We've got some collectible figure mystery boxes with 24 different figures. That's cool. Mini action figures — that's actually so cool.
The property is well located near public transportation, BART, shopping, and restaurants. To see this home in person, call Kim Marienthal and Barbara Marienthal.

--

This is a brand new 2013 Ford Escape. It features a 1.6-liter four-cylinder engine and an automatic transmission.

(Work order): Every line above from the line with "We've got some" to the line with "The property is" is wanted, ends included; write them out exactly and add no other line.

(Answer box):
We've got some collectible figure mystery boxes with 24 different figures. That's cool. Mini action figures — that's actually so cool.
The property is well located near public transportation, BART, shopping, and restaurants. To see this home in person, call Kim Marienthal and Barbara Marienthal.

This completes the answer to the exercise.